# iPad boards?



## pearledgar (Dec 27, 2009)

I really love it here at Kindleboards...is there a forum similar out there for iPad owners?


----------



## JCBeam (Feb 27, 2009)

pearledgar said:


> I really love it here at Kindleboards...is there a forum similar out there for iPad owners?


I frequent: http://www.ipadforums.net/apple-ipad-discussions/; http://forums.macrumors.com/; and http://www.mac-forums.com/forums/

Of the three ipadforums.net, I like probably the most; forums.macrumors.com is very good, but I have found they can be kind of harsh if you ask the wrong question. That's just my opinion though.

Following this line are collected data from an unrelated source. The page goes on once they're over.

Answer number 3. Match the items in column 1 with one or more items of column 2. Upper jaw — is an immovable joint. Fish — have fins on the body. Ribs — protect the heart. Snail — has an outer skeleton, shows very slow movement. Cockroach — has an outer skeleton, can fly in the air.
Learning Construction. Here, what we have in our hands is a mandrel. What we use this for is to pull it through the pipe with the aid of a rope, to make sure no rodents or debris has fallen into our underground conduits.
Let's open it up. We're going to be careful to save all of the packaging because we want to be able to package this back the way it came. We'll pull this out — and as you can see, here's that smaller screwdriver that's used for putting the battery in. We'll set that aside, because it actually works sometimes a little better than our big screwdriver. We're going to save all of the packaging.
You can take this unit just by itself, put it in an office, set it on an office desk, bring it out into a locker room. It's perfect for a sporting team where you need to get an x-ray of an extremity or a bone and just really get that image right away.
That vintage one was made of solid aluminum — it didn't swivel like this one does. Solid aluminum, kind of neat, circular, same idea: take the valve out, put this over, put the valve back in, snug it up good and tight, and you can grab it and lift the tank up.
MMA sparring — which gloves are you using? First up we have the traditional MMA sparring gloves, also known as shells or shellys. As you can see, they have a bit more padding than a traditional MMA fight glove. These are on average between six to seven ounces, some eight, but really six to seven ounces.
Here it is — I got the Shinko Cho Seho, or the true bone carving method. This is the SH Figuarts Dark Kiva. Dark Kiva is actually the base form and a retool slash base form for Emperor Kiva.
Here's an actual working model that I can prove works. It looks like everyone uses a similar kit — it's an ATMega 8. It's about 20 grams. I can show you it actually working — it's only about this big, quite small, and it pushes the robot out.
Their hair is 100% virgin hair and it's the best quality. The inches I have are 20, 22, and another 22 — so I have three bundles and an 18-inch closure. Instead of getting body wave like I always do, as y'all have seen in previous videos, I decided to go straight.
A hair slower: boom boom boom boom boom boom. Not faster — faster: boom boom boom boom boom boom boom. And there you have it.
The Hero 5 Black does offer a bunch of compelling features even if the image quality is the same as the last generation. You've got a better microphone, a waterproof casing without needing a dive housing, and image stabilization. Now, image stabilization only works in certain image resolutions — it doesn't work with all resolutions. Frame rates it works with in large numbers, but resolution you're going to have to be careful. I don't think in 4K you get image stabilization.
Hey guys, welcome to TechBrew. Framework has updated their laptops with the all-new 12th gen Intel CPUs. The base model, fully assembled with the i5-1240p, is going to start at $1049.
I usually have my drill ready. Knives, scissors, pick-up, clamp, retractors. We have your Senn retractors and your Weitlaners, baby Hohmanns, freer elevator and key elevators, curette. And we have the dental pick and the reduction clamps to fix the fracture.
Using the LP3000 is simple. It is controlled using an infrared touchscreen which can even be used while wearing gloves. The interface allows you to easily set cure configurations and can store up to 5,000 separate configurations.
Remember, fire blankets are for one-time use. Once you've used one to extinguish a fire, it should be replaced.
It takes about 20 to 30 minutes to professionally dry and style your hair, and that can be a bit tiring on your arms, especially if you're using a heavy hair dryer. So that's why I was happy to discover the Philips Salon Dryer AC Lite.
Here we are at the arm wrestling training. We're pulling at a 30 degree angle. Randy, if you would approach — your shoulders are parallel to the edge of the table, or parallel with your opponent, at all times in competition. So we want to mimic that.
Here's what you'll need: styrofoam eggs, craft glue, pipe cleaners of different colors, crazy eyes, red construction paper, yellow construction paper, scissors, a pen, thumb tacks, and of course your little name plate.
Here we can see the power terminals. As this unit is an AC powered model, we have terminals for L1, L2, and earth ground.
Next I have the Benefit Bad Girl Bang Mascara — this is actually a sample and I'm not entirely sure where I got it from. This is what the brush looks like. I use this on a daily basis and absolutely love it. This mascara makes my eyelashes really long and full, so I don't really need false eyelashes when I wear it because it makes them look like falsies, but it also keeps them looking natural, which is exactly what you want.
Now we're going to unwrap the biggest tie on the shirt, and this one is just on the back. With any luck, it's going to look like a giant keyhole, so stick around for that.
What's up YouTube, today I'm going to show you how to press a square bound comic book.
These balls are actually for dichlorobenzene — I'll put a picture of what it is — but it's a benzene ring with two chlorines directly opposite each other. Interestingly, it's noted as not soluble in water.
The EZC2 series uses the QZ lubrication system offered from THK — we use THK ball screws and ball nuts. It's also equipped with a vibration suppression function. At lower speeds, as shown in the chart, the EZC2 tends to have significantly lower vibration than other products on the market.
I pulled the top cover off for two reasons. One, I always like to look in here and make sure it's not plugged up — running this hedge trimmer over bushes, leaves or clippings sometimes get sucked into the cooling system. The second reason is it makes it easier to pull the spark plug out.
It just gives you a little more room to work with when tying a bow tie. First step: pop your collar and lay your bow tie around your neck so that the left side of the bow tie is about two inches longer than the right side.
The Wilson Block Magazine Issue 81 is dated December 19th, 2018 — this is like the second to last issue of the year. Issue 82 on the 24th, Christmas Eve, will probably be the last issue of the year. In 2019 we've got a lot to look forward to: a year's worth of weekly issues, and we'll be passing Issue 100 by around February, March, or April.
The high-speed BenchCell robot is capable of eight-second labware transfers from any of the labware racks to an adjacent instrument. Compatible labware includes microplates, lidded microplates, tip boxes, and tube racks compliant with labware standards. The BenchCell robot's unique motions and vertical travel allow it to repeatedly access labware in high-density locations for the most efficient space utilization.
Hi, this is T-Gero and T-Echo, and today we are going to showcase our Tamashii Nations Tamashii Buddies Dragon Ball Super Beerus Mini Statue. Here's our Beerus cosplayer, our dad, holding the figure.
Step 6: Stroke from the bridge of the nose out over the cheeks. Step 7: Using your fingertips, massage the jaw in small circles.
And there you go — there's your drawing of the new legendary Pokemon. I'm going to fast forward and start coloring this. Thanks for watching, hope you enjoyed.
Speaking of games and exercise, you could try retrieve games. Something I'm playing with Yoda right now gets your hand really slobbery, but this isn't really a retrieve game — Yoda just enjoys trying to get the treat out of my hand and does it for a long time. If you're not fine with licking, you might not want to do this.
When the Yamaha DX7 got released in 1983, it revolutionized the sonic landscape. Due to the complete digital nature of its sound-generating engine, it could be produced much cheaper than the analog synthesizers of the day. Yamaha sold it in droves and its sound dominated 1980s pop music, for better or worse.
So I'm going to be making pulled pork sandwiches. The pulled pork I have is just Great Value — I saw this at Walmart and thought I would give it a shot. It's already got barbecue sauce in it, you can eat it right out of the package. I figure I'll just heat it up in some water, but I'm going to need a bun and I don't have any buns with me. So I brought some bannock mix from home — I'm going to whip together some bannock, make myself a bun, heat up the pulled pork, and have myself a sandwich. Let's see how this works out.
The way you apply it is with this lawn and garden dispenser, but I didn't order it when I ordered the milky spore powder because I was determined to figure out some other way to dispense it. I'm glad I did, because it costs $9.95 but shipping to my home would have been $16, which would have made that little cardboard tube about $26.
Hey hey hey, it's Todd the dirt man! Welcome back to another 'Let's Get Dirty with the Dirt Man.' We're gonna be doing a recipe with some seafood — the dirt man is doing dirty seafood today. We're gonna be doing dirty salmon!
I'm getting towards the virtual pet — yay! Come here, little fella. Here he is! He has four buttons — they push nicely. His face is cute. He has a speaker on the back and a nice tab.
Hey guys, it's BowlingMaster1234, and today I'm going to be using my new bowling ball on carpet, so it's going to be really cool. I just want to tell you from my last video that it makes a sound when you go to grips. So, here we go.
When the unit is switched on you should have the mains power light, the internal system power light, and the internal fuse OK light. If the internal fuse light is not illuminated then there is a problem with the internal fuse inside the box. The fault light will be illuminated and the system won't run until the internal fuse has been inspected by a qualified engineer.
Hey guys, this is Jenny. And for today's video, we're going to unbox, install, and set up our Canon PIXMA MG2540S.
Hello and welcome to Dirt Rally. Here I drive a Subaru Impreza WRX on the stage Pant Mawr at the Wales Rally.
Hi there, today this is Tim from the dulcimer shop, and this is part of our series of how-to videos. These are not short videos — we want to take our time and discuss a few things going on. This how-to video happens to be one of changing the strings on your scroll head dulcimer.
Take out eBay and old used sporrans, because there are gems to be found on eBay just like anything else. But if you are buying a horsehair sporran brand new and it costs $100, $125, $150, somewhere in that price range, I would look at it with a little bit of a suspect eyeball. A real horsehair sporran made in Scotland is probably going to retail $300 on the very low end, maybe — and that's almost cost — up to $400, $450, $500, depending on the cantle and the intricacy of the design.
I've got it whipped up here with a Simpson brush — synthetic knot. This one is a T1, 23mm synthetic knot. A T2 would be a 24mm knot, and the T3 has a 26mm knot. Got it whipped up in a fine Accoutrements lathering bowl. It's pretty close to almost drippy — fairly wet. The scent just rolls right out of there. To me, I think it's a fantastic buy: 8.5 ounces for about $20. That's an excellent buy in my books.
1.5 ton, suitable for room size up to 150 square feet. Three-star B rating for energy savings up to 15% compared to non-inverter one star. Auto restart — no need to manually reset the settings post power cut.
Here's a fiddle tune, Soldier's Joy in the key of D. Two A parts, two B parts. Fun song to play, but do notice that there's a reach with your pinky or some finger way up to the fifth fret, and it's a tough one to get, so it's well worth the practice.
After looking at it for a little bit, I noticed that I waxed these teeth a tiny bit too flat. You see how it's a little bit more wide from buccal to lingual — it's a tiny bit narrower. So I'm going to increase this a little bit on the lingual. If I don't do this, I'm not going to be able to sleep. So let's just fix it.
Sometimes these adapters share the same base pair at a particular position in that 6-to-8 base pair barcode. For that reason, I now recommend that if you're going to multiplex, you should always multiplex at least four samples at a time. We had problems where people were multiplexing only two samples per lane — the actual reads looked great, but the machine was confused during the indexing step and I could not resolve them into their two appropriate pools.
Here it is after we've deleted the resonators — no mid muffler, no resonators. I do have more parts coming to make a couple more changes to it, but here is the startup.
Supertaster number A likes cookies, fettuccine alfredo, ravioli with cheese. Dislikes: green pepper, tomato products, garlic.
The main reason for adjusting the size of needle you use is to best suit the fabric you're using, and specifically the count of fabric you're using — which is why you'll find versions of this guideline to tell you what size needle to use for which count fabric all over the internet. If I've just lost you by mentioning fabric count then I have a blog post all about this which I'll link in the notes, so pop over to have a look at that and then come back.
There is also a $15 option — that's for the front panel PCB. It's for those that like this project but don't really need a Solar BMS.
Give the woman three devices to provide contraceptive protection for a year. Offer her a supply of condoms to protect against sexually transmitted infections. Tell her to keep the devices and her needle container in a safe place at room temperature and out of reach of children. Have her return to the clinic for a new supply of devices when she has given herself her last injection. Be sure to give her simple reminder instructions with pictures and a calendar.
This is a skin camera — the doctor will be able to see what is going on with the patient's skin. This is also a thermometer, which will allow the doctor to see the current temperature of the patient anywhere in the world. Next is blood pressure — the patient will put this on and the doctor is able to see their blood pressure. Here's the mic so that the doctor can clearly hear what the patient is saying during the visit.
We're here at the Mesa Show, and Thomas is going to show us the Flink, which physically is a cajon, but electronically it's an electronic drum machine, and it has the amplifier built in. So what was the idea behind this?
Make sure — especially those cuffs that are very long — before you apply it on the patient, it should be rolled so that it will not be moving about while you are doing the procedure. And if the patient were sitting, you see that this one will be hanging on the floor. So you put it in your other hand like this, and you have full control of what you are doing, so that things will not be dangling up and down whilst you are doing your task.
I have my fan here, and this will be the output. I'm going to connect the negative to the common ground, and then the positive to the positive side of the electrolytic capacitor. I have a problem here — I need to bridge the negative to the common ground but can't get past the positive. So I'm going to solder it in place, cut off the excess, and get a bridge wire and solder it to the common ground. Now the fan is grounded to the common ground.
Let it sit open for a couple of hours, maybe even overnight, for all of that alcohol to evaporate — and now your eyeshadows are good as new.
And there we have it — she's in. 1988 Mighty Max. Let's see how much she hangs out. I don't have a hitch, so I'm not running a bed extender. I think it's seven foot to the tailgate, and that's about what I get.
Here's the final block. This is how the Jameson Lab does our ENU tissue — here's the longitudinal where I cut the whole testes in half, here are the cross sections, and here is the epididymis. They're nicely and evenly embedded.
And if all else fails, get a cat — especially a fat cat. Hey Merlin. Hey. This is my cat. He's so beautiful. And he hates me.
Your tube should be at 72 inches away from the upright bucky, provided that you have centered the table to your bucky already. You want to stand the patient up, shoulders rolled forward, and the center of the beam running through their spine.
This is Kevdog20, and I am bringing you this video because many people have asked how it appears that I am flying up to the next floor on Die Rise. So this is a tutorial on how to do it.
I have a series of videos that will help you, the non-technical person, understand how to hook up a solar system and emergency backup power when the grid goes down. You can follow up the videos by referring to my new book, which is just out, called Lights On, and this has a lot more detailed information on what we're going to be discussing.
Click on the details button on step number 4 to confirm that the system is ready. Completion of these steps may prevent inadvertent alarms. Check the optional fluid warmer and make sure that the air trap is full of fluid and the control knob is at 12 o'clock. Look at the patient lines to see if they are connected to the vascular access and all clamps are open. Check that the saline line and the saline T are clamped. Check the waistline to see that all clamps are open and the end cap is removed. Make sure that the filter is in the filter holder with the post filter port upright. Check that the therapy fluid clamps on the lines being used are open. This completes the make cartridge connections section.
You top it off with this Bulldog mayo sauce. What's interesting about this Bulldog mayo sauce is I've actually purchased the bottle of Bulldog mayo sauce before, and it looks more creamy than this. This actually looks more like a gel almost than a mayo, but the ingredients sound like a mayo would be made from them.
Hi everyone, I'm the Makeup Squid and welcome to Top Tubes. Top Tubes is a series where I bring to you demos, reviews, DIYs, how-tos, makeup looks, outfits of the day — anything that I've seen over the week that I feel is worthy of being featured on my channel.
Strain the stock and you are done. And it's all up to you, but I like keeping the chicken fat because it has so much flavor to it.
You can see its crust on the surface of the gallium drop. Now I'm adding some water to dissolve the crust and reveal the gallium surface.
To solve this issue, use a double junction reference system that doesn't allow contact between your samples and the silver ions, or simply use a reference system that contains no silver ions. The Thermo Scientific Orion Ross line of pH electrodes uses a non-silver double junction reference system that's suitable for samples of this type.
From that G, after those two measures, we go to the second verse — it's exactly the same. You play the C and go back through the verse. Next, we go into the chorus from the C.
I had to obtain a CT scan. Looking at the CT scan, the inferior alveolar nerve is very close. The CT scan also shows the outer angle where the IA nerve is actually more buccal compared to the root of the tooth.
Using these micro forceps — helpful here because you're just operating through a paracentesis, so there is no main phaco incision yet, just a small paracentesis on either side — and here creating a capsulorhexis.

Oh, forgot about http://forums.ilounge.com/, also very good!

Juanita


----------



## davidhburton (Mar 11, 2010)

Ditto on ipadforums - I like that site.


----------



## The Hooded Claw (Oct 12, 2009)

I also check out ipadforums when i have a yen for heavy duty iPad talk.


----------



## hsuthard (Jan 6, 2010)

Yep, I would have said the exact same!


----------



## pearledgar (Dec 27, 2009)

Thank you all so much


----------



## Betsy the Quilter (Oct 27, 2008)

I just hang out here.  

Betsy


----------